The Minotaur
Page 18
Tonight as he stared at the ballet of black men on the television screen, Albright reflected again on that chain of events. After a high-profile black-tie affair in the ballroom of a Washington hotel, the Soviet ambassador had discovered a picture postcard in his coat pocket as his limousine returned him to the embassy. On the front of the card was a photo of the Pentagon at night. On the back were two words and a series of numbers and letters—a computer file name—all written in block letters. Below that were ten words; not a message, just words. Nothing else. No fingerprints except the ambassador’s.
It had been enough. Using Terry Franklin, the Soviets had obtained engineering and performance data on the new U.S. Air Force stealth fighter, the F-117A, from the Pentagon computer system. The information appeared genuine. So who was the source? Unmasking the source would undoubtedly reveal why the information was passed and enable the Soviet intelligence community to properly evaluate its authenticity. But the official guest list for the black-tie reception ran to over three hundred names and was almost a Who’s Who of official Washington. The names of spouses and girlfriends in attendance were not on the list, nor were the names of at least a dozen officials who had been seen there. The lists of hotel and caterer personnel were also inaccurate and incomplete.
The upper echelons of the Soviet intelligence community were stymied. The first rule of intelligence gathering—know your source—had been violated. Yet the information appeared genuine and revealed just how far ahead of the Soviets the Americans were with stealth technology.
Three months after the ambassador had received the postcard, an unsigned letter in a plain white envelope arrived at the Soviet embassy addressed to the ambassador.
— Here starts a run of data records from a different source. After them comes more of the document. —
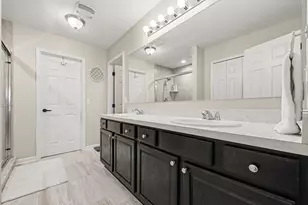 48736 Carnegie Way, Macomb, MI 48042 - Photo 17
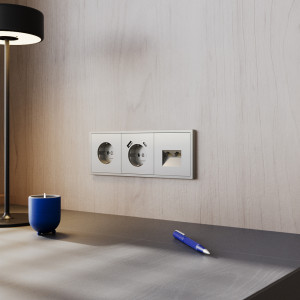Розетка c З/К, Шелк, Voltum S70 VLS040104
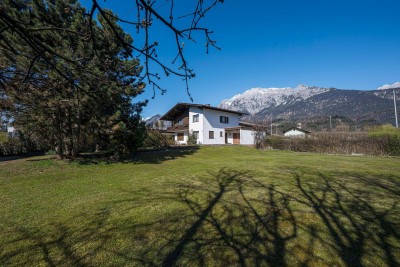 Einfamilienhaus mit großem Grundstück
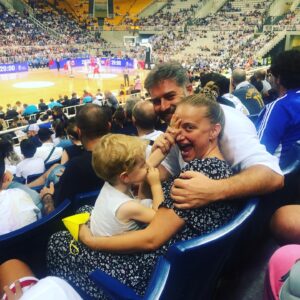 Alexandros Bourdoumis Instagram - Ήμουν 11 ετών όταν πρωτοείδα από κοντά τον τεραστιο #νικοςγκαλης στο Ευρωπαϊκό του 87’.Η συγκίνηση μου μεγάλη τώρα με τη γυναίκα μου @lenakidrs  και τον γιο μας #αναστάσης να καμαρώνουμε την καινούργια Εθνική μας ομάδα και τον εξωπραγματικό @giannis_an34 
Μακάρι η ζωή σου γιε μου να είναι γεμάτη έντονες εμπειρίες και μνήμες!!!
#μπάσκετ @hellenicbf #friendlymatch #experience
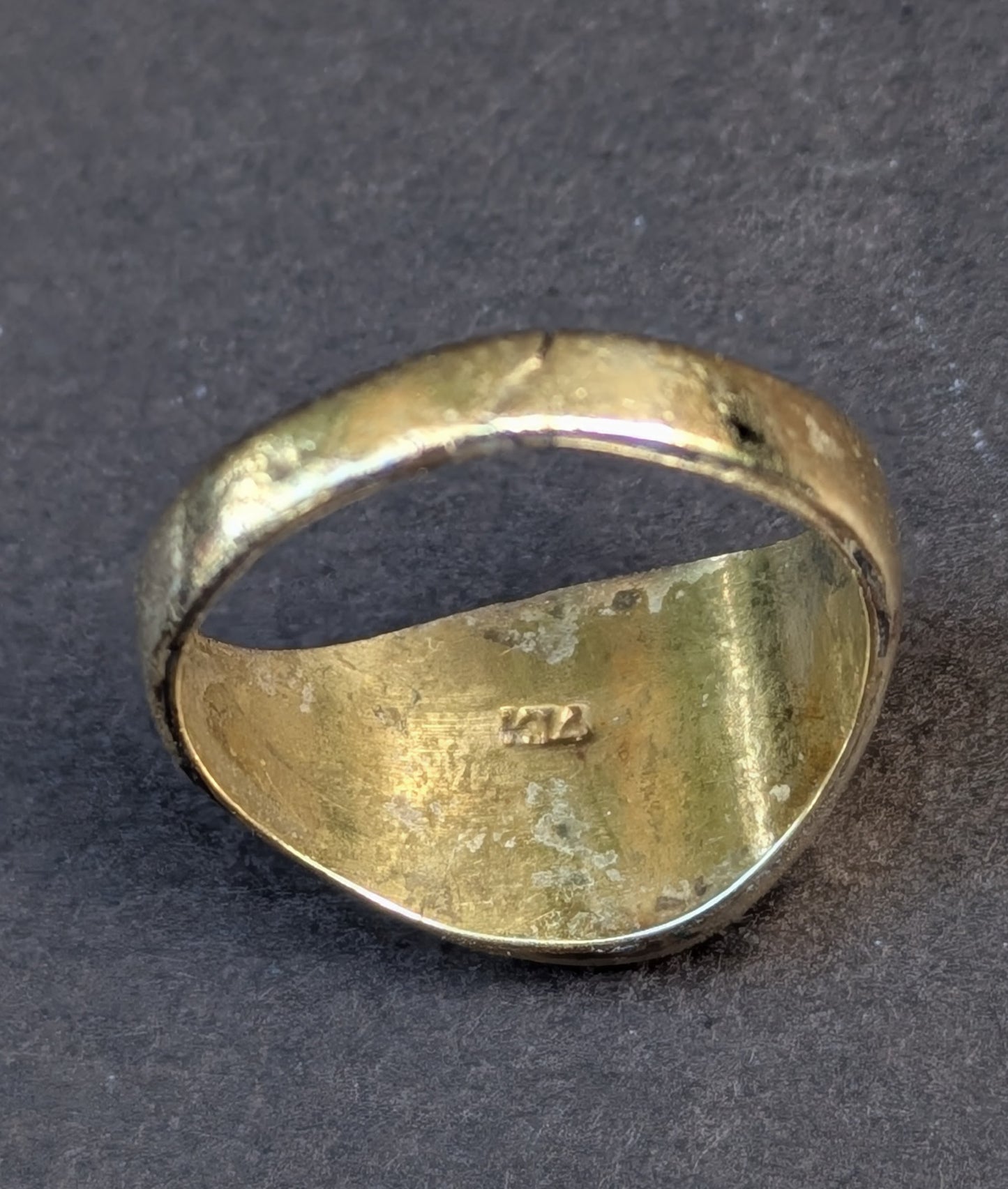 14kt "Aries" Pinkie Signet Ring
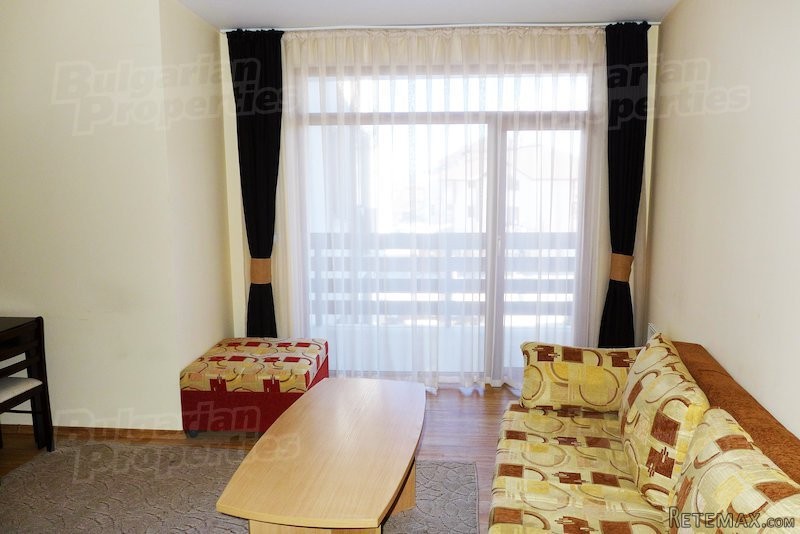 Bright Apartment With Excellent Location - 2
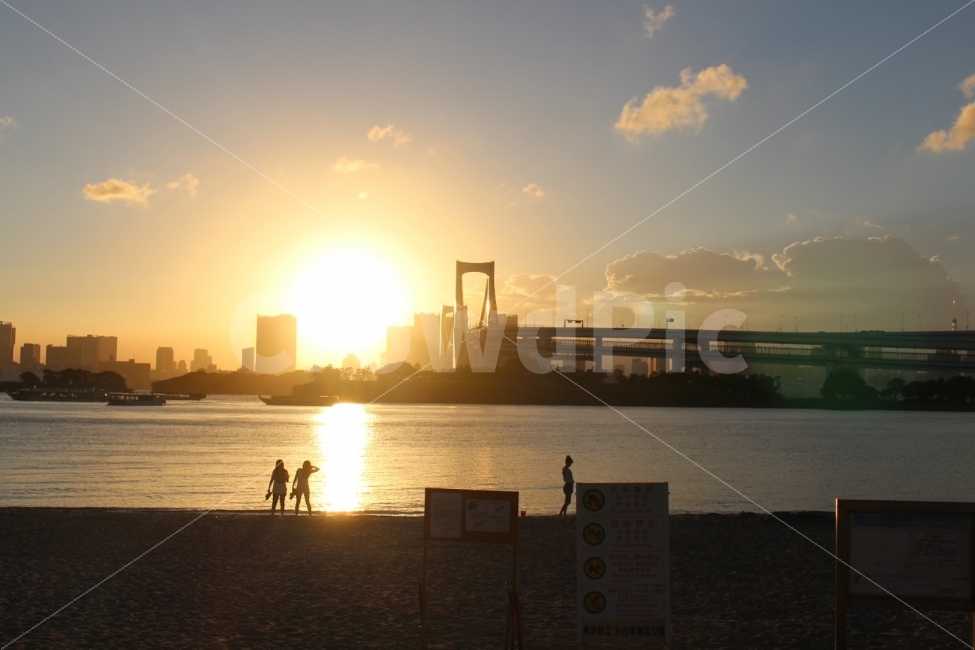 일본,도쿄,오다이바,석양,여행,여름,계절,summer,season,해변,바다,beach,sea,도시,풍경,city,landscape,해외,외국,세계,foreign,oversea,world,flare,플레어,light,빛,sunlight,햇빛,nature,자연,outdoors,옥외
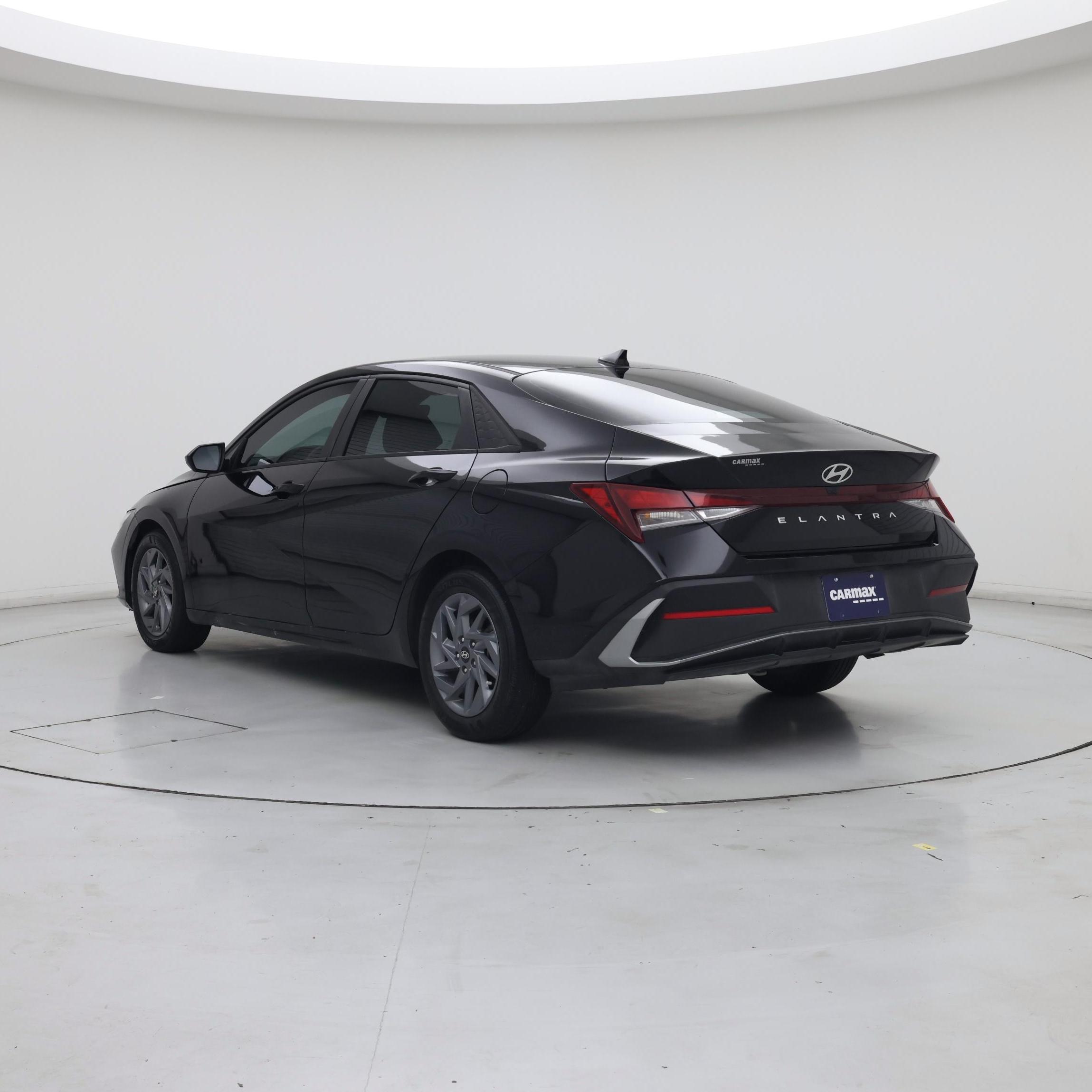 Thumbnail: 2024 Hyundai Elantra - 2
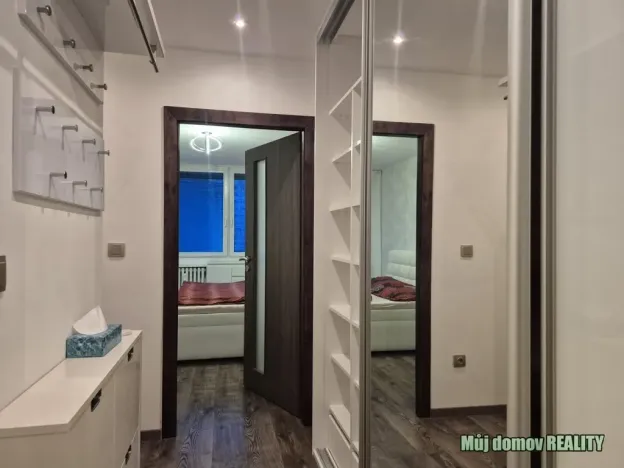 Pronájem bytu 2+kk, Praha - Háje, Mendelova, 42 m2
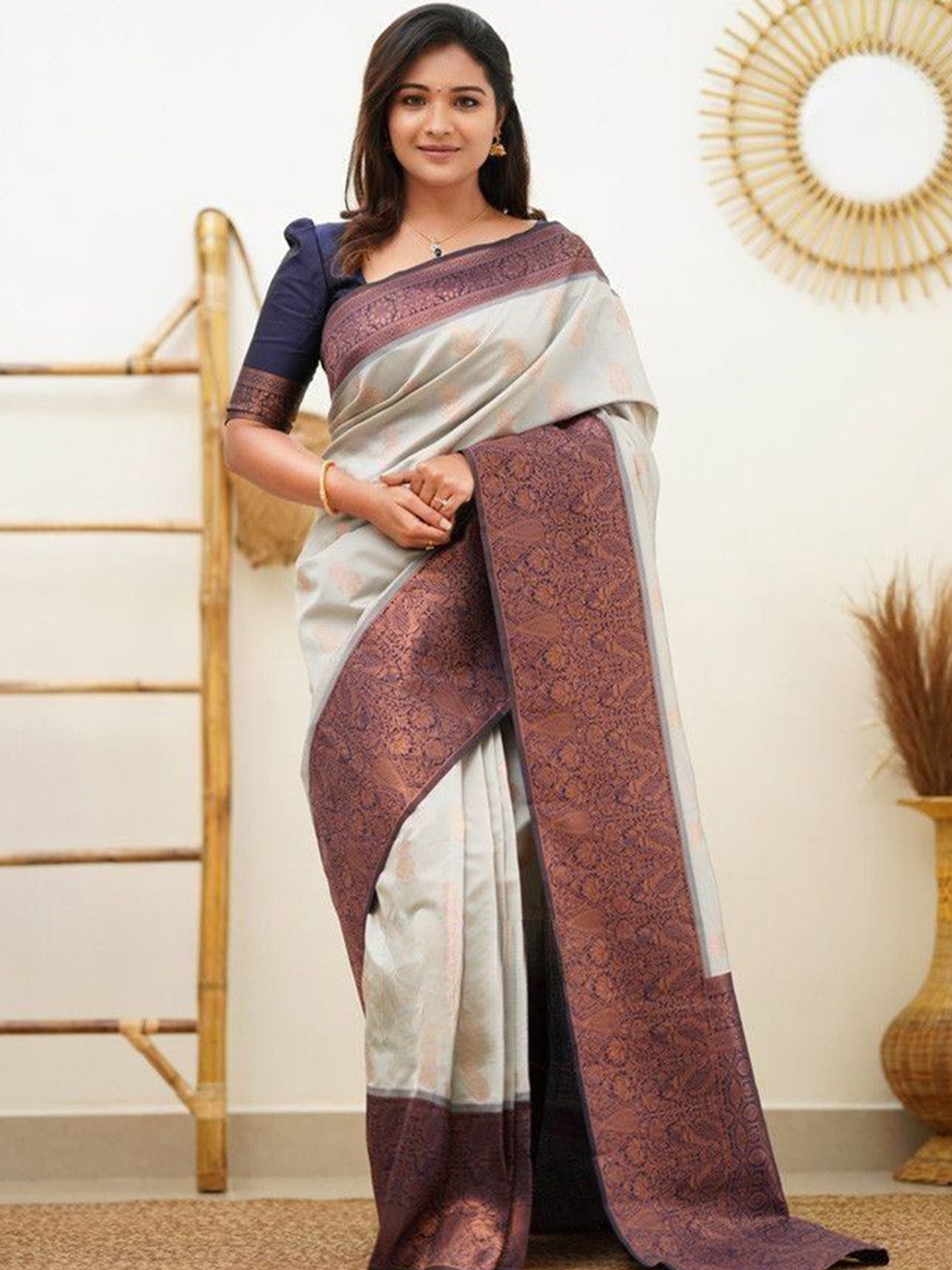

Wuxi Woven Design Zari Pure Silk Banarasi Saree, Grey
The letter, in neat block letters, was a commentary on the rights of minorities in the Soviet Union. In accordance with standard procedure for unsolicited mail, the letter was sent to Moscow. There the code was broken. The writer had constructed a matrix using the first random word on the original postcard as the key word. The message was three random words, the first two of which proved to be computer access words. The third word wasn’t a word at all, but a series of numbers and letters. From the bowels of the Pentagon, Terry Franklin produced a fascinating document concerning the development of a land-based anti-satellite laser about which Soviet intelligence had known absolutely nothing.
Further letters followed, each encoded on the basis of a key word which appeared on the original postcard, the ambassador’s. The information was golden: more stealth, Trident missile updates, SDI research breakthroughs, laser optics for artillery, satellite navigation systems…the list was breathtaking. The Soviets were seeing hard data on America’s most precious defense secrets. And they didn’t know who was giving it to them. Or why.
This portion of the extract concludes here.